On the other hand, when hydrogen is combusted, it generates heat, another crucial energy requirement across various sectors. Unlike the combustion of fossil fuels, which releases carbon dioxide and other harmful pollutants, hydrogen combustion releases only water vapor, making it a clean solution for heating needs. This aspect of hydrogen is critical for sectors like industrial processes, residential heating, and others, where achieving the required level of heat using renewable energy or electricity can be challenging.

The dual-utility of hydrogen - both as a clean fuel for electricity generation and a clean solution for heat - underscores its potential as a cornerstone for achieving Net Zero.

Ways to produce Hydrogen

Hydrogen production is categorized into three primary methods. The categorization is often color-coded, representing the carbon emissions associated with each production method.  There are 8 major colors, from green over blue to brown, pink and yellow.

Here's a quick overview of the top 3, Gray, Blue and Green:

Gray Hydrogen:

• Production Method: Gray hydrogen is predominantly produced through a process known as Steam Methane Reforming (SMR), where natural gas is subjected to high-temperature steam, leading to a reaction that generates hydrogen and carbon dioxide.

• Environmental Impact: This method is significantly carbon-intensive, contributing to around 1.8% of global greenhouse gas emissions in 2021. The carbon emissions arise from the combustion of natural gas as well as the release of carbon dioxide during the reforming process.

Blue Hydrogen:

• Production Method: Blue hydrogen production also largely relies on the SMR process, similar to gray hydrogen. However, it incorporates Carbon Capture and Storage (CCS) technologies to capture a substantial portion of the carbon dioxide emissions generated during the process.

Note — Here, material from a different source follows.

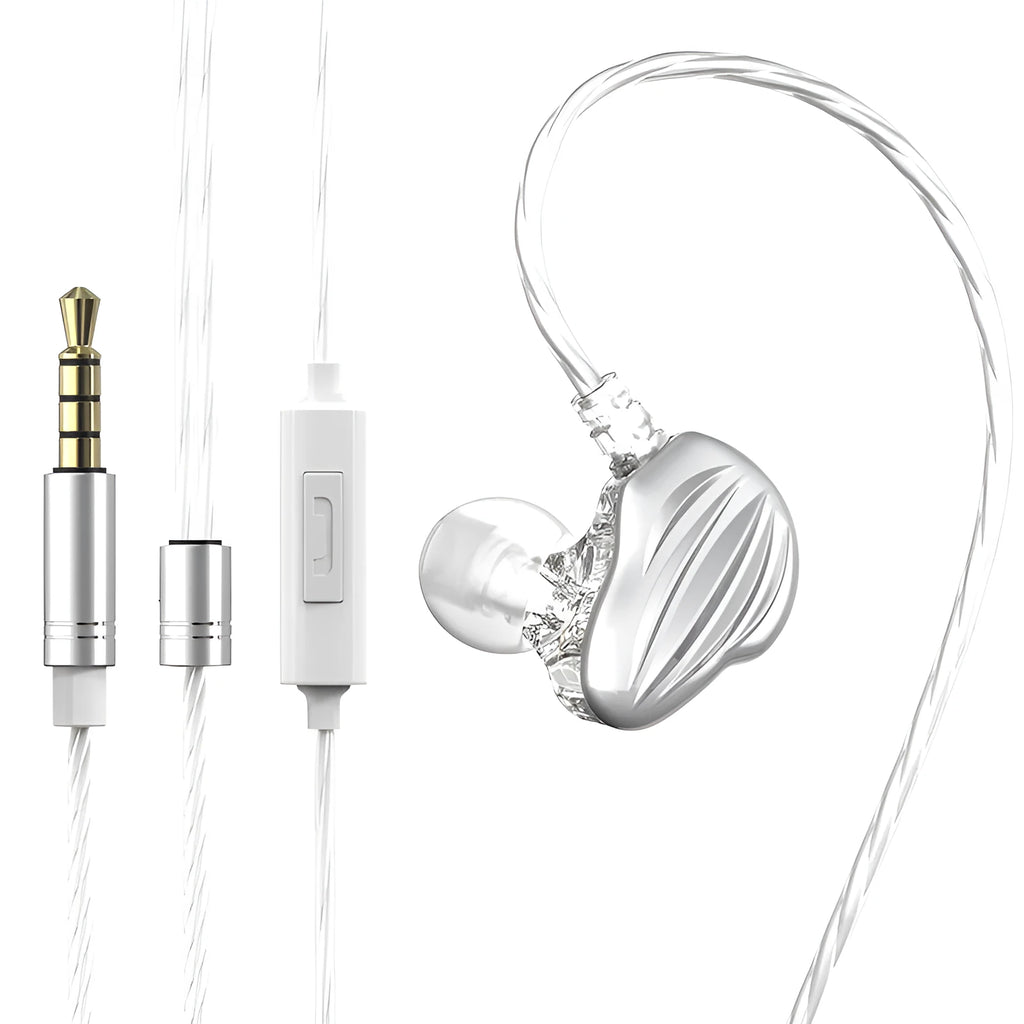 In-ear sports headphones with around-ear wearing design in white, red or black colours with 3.5mm plug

• Environmental Impact: By sequestering carbon emissions, blue hydrogen offers a lower-carbon alternative to gray hydrogen. The effectiveness of blue hydrogen in reducing carbon emissions hinges on the efficiency of the CCS technologies employed.

Green Hydrogen:

• Production Method: Green hydrogen is produced through the electrolysis of water, where electricity is used to split water into hydrogen and oxygen. When this electricity is sourced from renewable energy technologies like wind or solar power, the process becomes entirely clean.

• Environmental Impact: Green hydrogen stands out as the most environmentally friendly option among the three, especially when powered by renewable energy sources. It holds the promise of a truly clean hydrogen production method devoid of carbon emissions.

In terms of production volume, gray hydrogen holds a dominant position, while blue and green hydrogen together accounted for less than 1% of total hydrogen production, reflecting the nascent stage of low-carbon hydrogen production technologies.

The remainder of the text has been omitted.